Short answer: yes. Long answer:
Even more CUs could potentially fit, depending what you mean by "realistically". It's a very coarse guide, but say
this block diagram of Navi is roughly accurate to die space allocation of the current 251mm^2 chip. If so, we need to add about 80mm^2 of Zen 2 for an APU. Let's say we also go from two "shader engines" to three. That'd give the chip 60CUs physically. And it would bring the total size to ~435mm^2.
Note that this is somewhat of a worst-case scenario, since it involves duplicating all the support transistors of the whole "shader engine". An alternate approach of adding DCUs to existing shader engines might get you to the same SP count with a (slightly) lower size. But the best-case scenario is probably no less than 450mm^2 for a 64CU part.
Is that "realistic"? Yes, in the sense that chips of this size do get manufactured and put in consumer products. AMD's Vega 64 is even bigger, for example. But it's absolutely not "realistic" in the sense of something that would make it into a mass-market console. It would be too expensive and run too hot.
But on the other hand, posters implying that anything over 40CUs is impossible are too pessimistic. A 48CU part could be as "small" as 360mm^2. This is the size of the original Xbox One APU, and the One X. A slightly larger chip--which approximation from the Scarlett reveal video suggests is the case, at least for Anaconda--could go even higher. (Though some of the physical CUs would almost certainly be disabled for yield reasons.)
I was totally with you until this point.
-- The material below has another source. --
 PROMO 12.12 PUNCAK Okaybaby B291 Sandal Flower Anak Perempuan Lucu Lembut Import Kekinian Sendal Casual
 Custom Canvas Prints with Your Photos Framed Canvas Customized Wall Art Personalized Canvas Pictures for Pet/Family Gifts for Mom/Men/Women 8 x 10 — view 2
There are various scenarios where PS5 is more powerful, but neither it nor Anaconda are break-the-bank, hotter-than-hell powerplays. Anaconda will be sold as premium, yes, but it'll also be responsible for mitigating losses from Lockhart. PS5 has no such mandate, allowing more budget to go into silicon performance.
That's just one factor making your certainty unjustified. Personally, I still think Anaconda is going to be more powerful than Sony's machine. But that is by no means the only possible outcome (or even necessarily the most plausible).